In any case, users will still face the same problem that Visa and Mastercard holders have had in many small private businesses in Cuba: these establishments do not have the POS terminals needed to read the cards, forcing their customers to pay for their purchases in cash.

For now, at least, most high-end establishments do not seem to be aware of this new system. At the Grand Aston, for example, 14ymedio was told that the hotel does not accept Mir cards. The problem, they say, is not on their end. It is because “Russian banks are blocked worldwide.”

Russia created the Mir system after the annexation of Crimea in 2014 and two years later began issuing cards for use within the country. In 2022 it tried to expand Mir’s reach beyond the country’s borders after Russia was locked out of the international banking system following Vladimir Putin’s invasion of Ukraine.

Among the countries that accept the cards are South Korea, Uzbekistan, Vietnam, Armenia, Belarus, Turkey and Tajikistan. However, the service was suspended in the latter two countries last September because ATMs and card readers were not working.

Cuba has advocated for the use of Mir cards since sanctions on Russia were tightened last year and has promised to accelerate implementation of the system. In early March, Russia’s ambassador to Havana, Andrei Guskov, said that the adoption of Mir is part of a significant number of financial and energy projects the two countries agreed upon during Miguel Díaz-Canel’s visit in November 2022.

In an interview with Sputnik, Guskov stated that plans are being discussed for the construction of new operating units at the Maximo Gomez and Habana del Este electric power plants. Cuba has been in the midst of a severe energy crisis, experiencing ongoing blackouts of up to twelve hours in 2022, with more expected this year.

Russia also has a presence in the automotive sector, with the GAZ automotive company assembling its GAZelle, Ural and PAZ vehicles in Cuba. Among the new projects, Guskov added, are plans to set up an import/export company to promote Russian products in the Cuban market.

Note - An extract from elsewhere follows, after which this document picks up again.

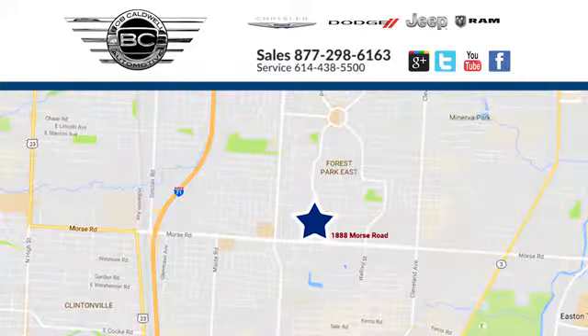At Bob Caldwell Chrysler Jeep Dodge, we're a dealership you can trust. We're conveniently located at 1888 Morse Road in Columbus, Ohio.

Guskov also indicated that a project to modernize the Antillana de Acero metallurgical plant, made possible by a 111-million-dollar loan from Russia in 2017, is in its final stage .

During the pandemic, when many countries’ borders were closed, Russia supplied the bulk of the island’s foreign tourists. The numbers plunged, however, after the invasion of Ukraine due to sanctions, which closed European air space to Russian carriers. Figures from Cuba’s National Statistics and Information Office [ONEI] indicate that, by the end of 2022, only 6,623 Russian travellers had visited Cuba, a drop of 54.7% from 2021.

An article by the organization Cuba Siglo 21 [Cuba 21st Century] suggests that a visit to Cuba and Venezuela in early March by Nikolai Patrushev, secretary of the Russian Security Council, was essentially military in nature and not related to economic and scientific development projects, as reported by state media.

The article, authored by former Cuban general Rafael del Pino, speculates that Russia is edging ever closer to a humiliating defeat in Ukraine and is, therefore, trying to burnish its image in the region by establishing a naval military presence in the Caribbean, as happened during the 1962 Missile Crisis.